Dr. Abraham F. Lowenthal, the founding director of the Pacific Council on International Policy, the Inter-American Dialogue and the Woodrow Wilson Center’s Latin America Program, is professor emeritus at the University of Southern California.
He has written on US foreign policy, Latin American politics, democratic governance, and California’s policy challenges. Among his main publications are The Dominican Intervention (1972), Partners in Conflict: The United States and Latin America (1987), Global California (2009), and Democratic Transitions: Conversations with World Leaders (co-edited with Sergio Bitar in 2015), published in six languages. He has published thirteen other symposium volumes; many book chapters; and eight essays in Foreign Affairs, among many others.
Dr. Lowenthal received his AB, MPA, and PhD degrees from Harvard University. He has been a visiting fellow in the United Kingdom, Israel, Argentina, Brazil, Colombia and Mexico; at Harvard, Princeton, UCLA, UC San Diego, the Public Policy Institute of California and the Wilson Center; and has held Fulbright professorships in Argentina, Brazil and Japan.
Lowenthal was director of studies and a vice president at the Council on Foreign Relations, a Peru representative for the Ford Foundation, and directed USC’s Center for International Studies.
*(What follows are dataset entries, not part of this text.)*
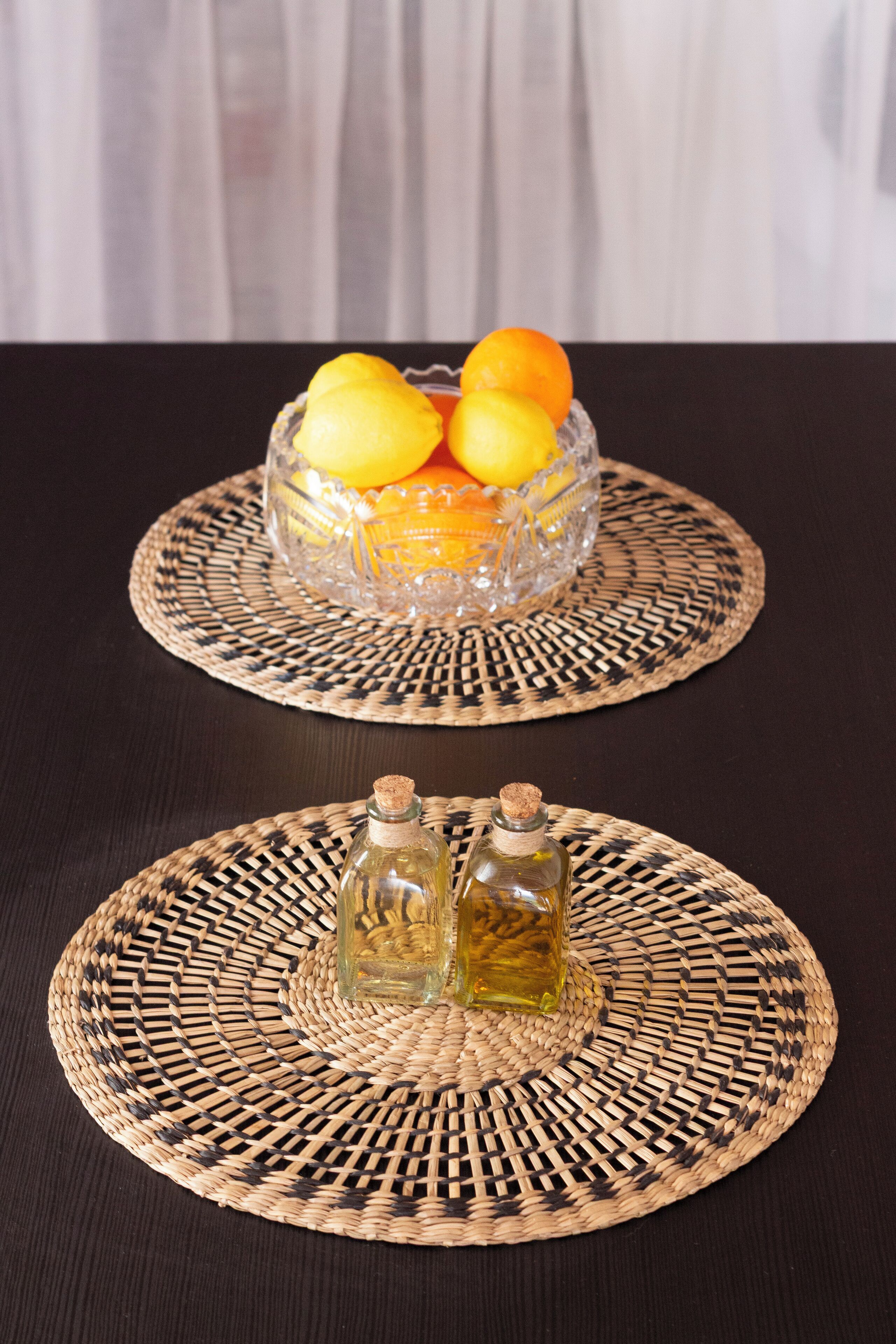 A table with a woven placemat and a glass bowl containing fruit.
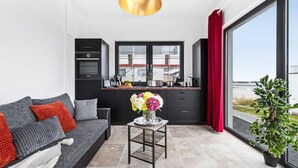 A modern living room with a sofa, a coffee table with flowers, a kitchen area with cabinets and a window, and a view of the outdoors. - Pet friendly apartment in Olpenitz (Olpenitz)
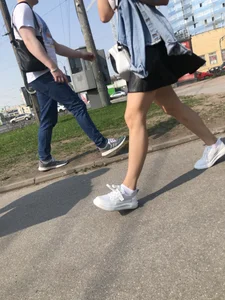 Awesome Candid Girl in a Leather Skirt And Sneakers Walking Down a Street, Then Flashing Her White Panties on the Stairs Creepshots Gallery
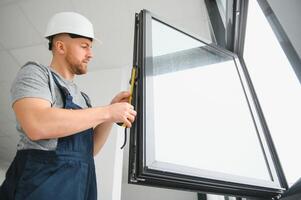 Construction worker repairing plastic window with screwdriver indoors, space for text. Banner design photo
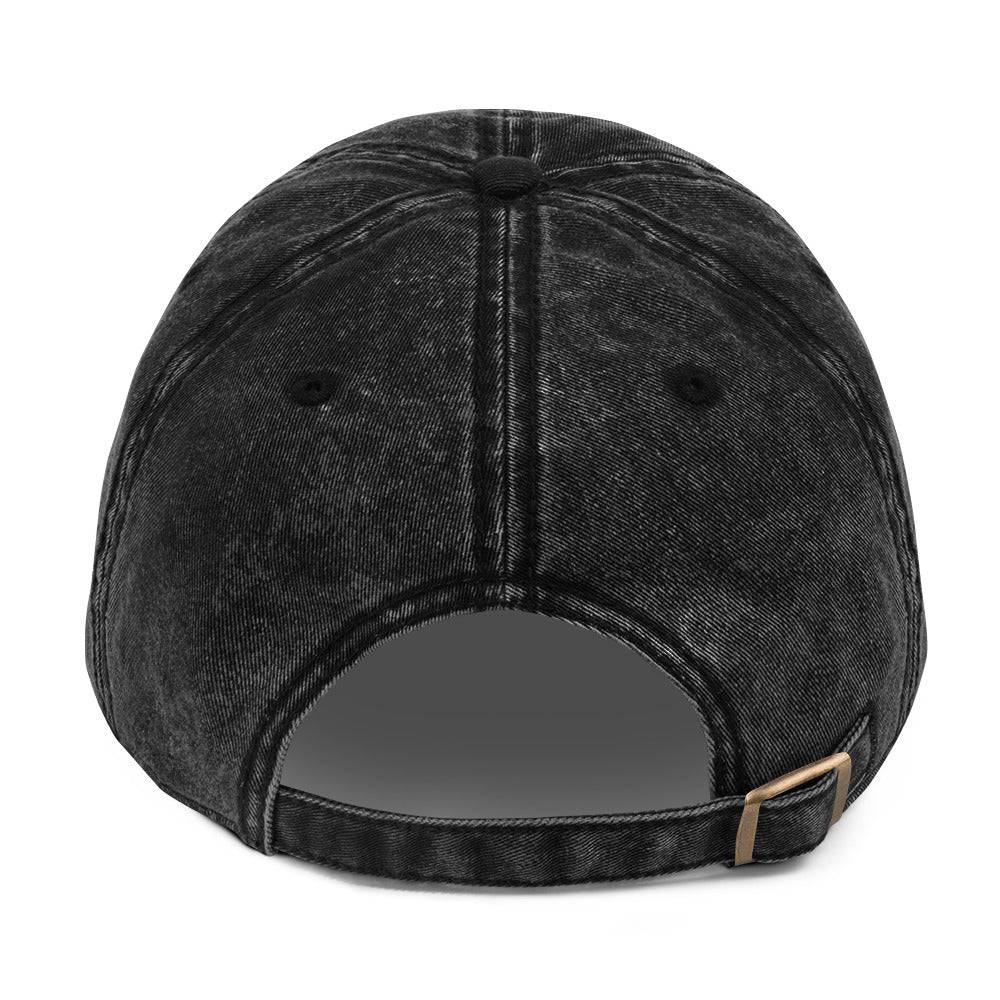 a black baseball cap with a metal bar on the front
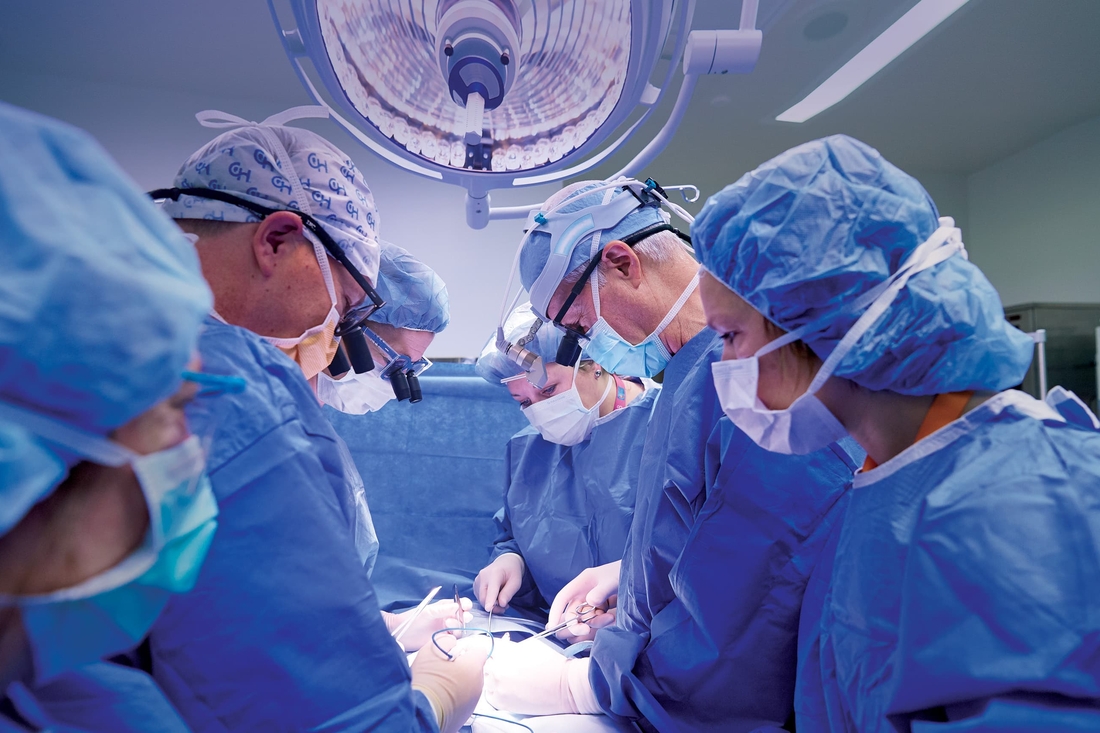 Many surgeons heads down with one important job to do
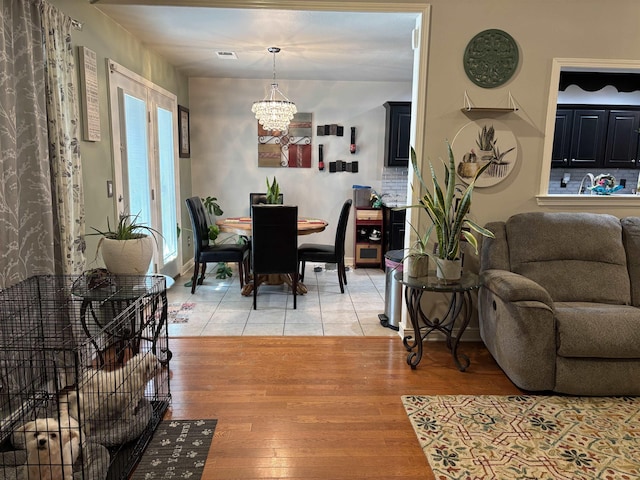 dining space featuring hardwood / wood-style flooring and a chandelier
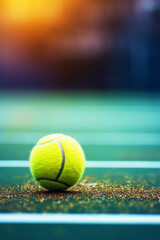 a tennis ball on a tennis court. the concept of sports, competitions and a healthy lifestyle. Generative AI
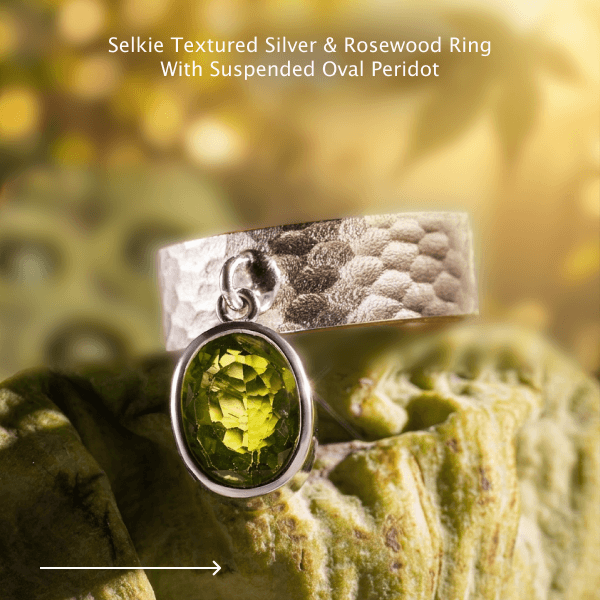 Selkie Textured Silver & Rosewood Ringwith Suspended Oval Peridot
He was for several years a non-resident Senior Fellow of the Brookings Institution and an adjunct professor at Brown University’s Watson Institute.
Notre Dame awarded an honorary degree to Lowenthal who has been decorated by the presidents of Brazil, the Dominican Republic and Peru, and has received the Woodrow Wilson Medal for Public Service and the Olafson Award for advancing Southern California’s international interests. He has served on numerous boards and advisory councils, and is a board member of the Leo Baeck Institute and a member of the Research Council of the International Forum for Democratic Studies.